A Virginia Tech team from the Sanghani Center for Artificial Intelligence and Data Analytics is one of 10 finalists chosen to compete in the Alexa Prize SimBot Challenge. The challenge focuses on advancing the development of next-generation virtual assistants that continuously learn and gain the ability to perform common sense reasoning to help humans complete real-world tasks.

“The SimBot should be able to understand the intention of a task as well as any instructions or feedback it receives from a user and interpret the environment to correctly predict what action is needed to complete it,” said Lifu Huang, assistant professor of computer science and faculty at the Sanghani Center. 

“Our team is developing an innovative, multimodal instructional and actionable knowledge graph from large-scale instructional resources in text, images, and videos that cover thousands of human daily tasks that SimBot can leverage to further enhance its capability to interact with users and handle a broad range of human tasks,” said Haung, who will advise a team of four Ph.D. students on how to tackle the research and navigate technical challenges. 

Huang’s expertise includes extracting structured knowledge with limited supervision natural language understanding and reasoning with external knowledge and common sense, natural language generation, representation learning for cross-domain transfer, and multimodality learning. 

Huang shared the following scenario of advanced interaction that the team will strive to achieve during the challenge. It shows how SimBot successfully completes a more complex task composed of simpler subtasks. 

SimBot: Hello, how can I help you today?

User: Hi, I will teach you how to prepare breakfast for me today.

SimBot: Sure, what should I do?

User: First, you need to make a cup of coffee. Then, you need to slice the bread and cook it with the toaster. Finally, you need to deliver breakfast to my room.

SimBot: Could you give me more detailed instructions on how to slice the bread?

User: You should use the knife and cut it into several pieces in approximately the same size.

SimBot: Got it. Should I prepare breakfast for you today?

User: Yes, go ahead.

SimBot prepares the breakfast as taught by the user. 

SimBot: Breakfast is ready.

User: Well done!

“One of our overall goals is for users to feel that our SimBot is capable and intelligent, communicative, knowledgeable, and efficient,” Huang said.  

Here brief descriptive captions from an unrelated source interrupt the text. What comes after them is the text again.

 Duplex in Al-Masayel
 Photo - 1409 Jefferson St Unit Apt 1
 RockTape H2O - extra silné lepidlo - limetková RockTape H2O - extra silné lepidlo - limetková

Below are the four members of the team, all Ph.D. students in computer science:

Minqian Liu is serving as team leader for the Alexa Prize SimBot Challenge. In that role, he is responsible for setting up long-term and short-term goals, coordinating the team’s work, and communicating with the challenge organizer. As a team member, he will be building the object state tracking, action verification, and dialogue-based interaction components. He also will participate in the design and implementation of other modules, especially the construction of the multimodal instructional knowledge graph.

Sijia Wang will establish the knowledge graph from instructional articles, images, and video demonstrations on the internet, such as WikiHow. She also will focus on collectively grounding entities and actions extracted from text to video to associate each entity or action with a visual image or video clip.

Zhiyang Xu will be responsible for extracting the subtasks from the human instructions by leveraging an external actionable knowledge graph and enforcing the temporal and logical constraints of those subtasks.

Ying Shen will focus on the multimodal goal-oriented action prediction network, which requires the reasoning across the inputs in multiple modality. She will also take part in the construction of the multimodal instructional knowledge graph. 

“It is an honor to be a finalist team in the Alexa Prize SimBot Challenge and a tribute to the excellence of our students,” said Huang. 

“The challenge is a great way of highlighting the students’ work and also an opportunity to contribute to the field of artificial intelligence by helping to bridge the gap of theory-practice divide and adding value to both theoretical and practical perspectives,” he said.

University teams selected for the Alexa Prize SimBot Challenge participate in both the public benchmark and live interaction phases and receive a research grant, Alexa-enabled devices, free Amazon Web Services  cloud computing services to support their research and development efforts, as well as other resources, and Alexa team support. The winning team will receive a $500,000 prize, while the second- and third-place teams will receive prizes of $100,000 and $50,000, respectively. The winner will be announced in 2023.